Hedi Nilausen, Beckmans College of Design knitwear show

Gone in the wind: a pair of drab Stockholmian fashion days in the midst of minor key mid winter

Claes Britton | Jan 29, 2009 | 4 comments

Something about these aspiring Stockholmian fashion days in the thick of the grimmest, ugliest late January turns me downhearted; or, more correctly, some things. This should come as no surprise, since merely stomping around in the gray frozen streets of our cityscape this time of year, spared though they may be from the curse of filth-saturated snow and ice, is enough to tune the merriest, most sparkling of moods into doomsday D-minor, all the more with that deep black mental backdrop of recession looming beyond the lowly steel gray winter skies. No more joyful did one become from the off-black, thick-knitted masses of cloth in audiences and upon the catwalks, weakly contrasted only by bleek grays and the odd, faintly flickering gleam of light and color. The signs we saw in the past season of a heart for more color and play were now eradicated, perhaps by the ghost of recession. The notion that dressing anonymously and non-descript in faded nuances of black is a Swedish national tradition was once again reinforced.
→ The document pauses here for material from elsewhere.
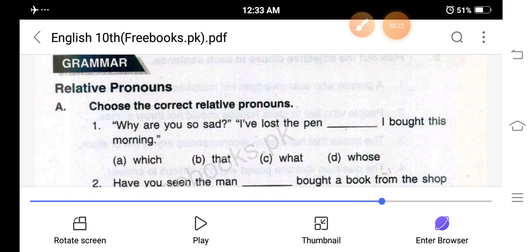Who is used for human beings. Which is used for animals and things — lifeless objects. Whose is used to show the possession of someone. Whom is used to hint at the objective case of a pronoun. That is used in the place of who or which when necessary.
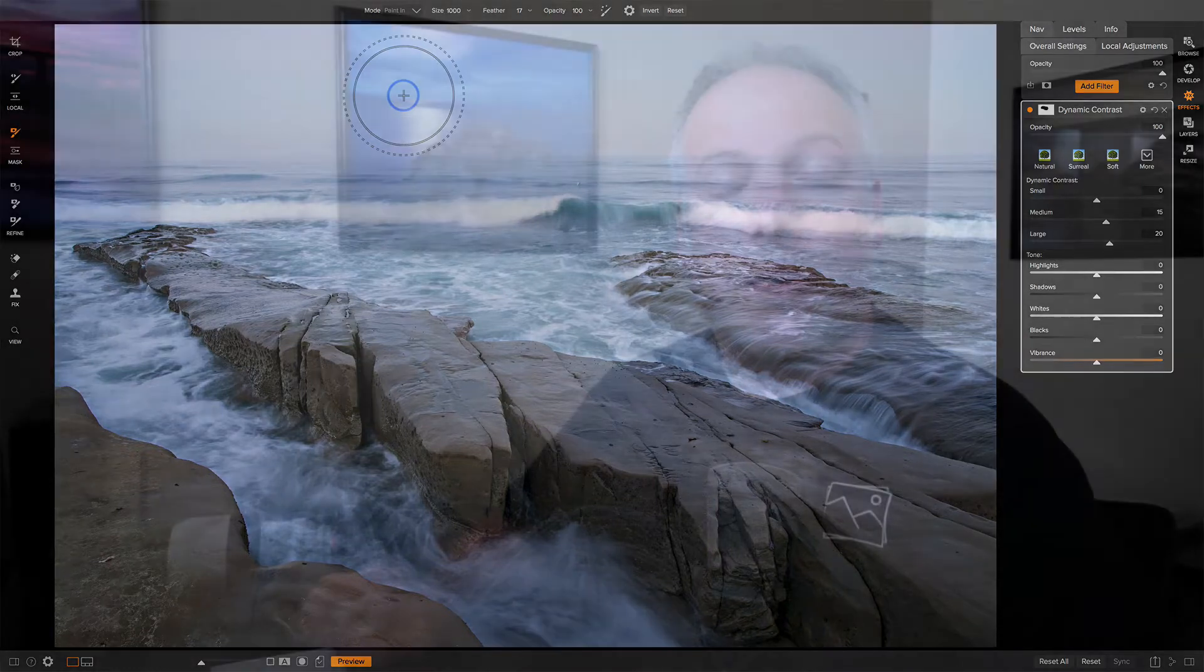On a Mac, you can also use the Option key, and I believe that's Alt on a Windows machine. If you hold down that key, you can temporarily change the mode.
Then there's something about this blogging following shrouding our domestic fashion scene these days — those muster-strong herds of black-clad school girls eternally busy photographing each others' "outfits", who now dominate the fashion week crowds. It's indeed a brand new reality, radically different from that of our small Stockholm fashion family as recently as a decade ago. Say, why do I find it so hard to rejoice and enthuse over this new and expanded scene, heavy as it may be with the feel of suburbian schoolgirl den? Why do I feel, once again, like Burt Lancaster's aged patriarch in the film 1900 part 1, who, clad in a tailored white linen suite and wide-brimmed straw hat, hangs himself in the barn, after the young maid vainly has tried to milk his withered teat, while the young farm workers are dancing to the tunes of inciting flutes in the summer greenery outside?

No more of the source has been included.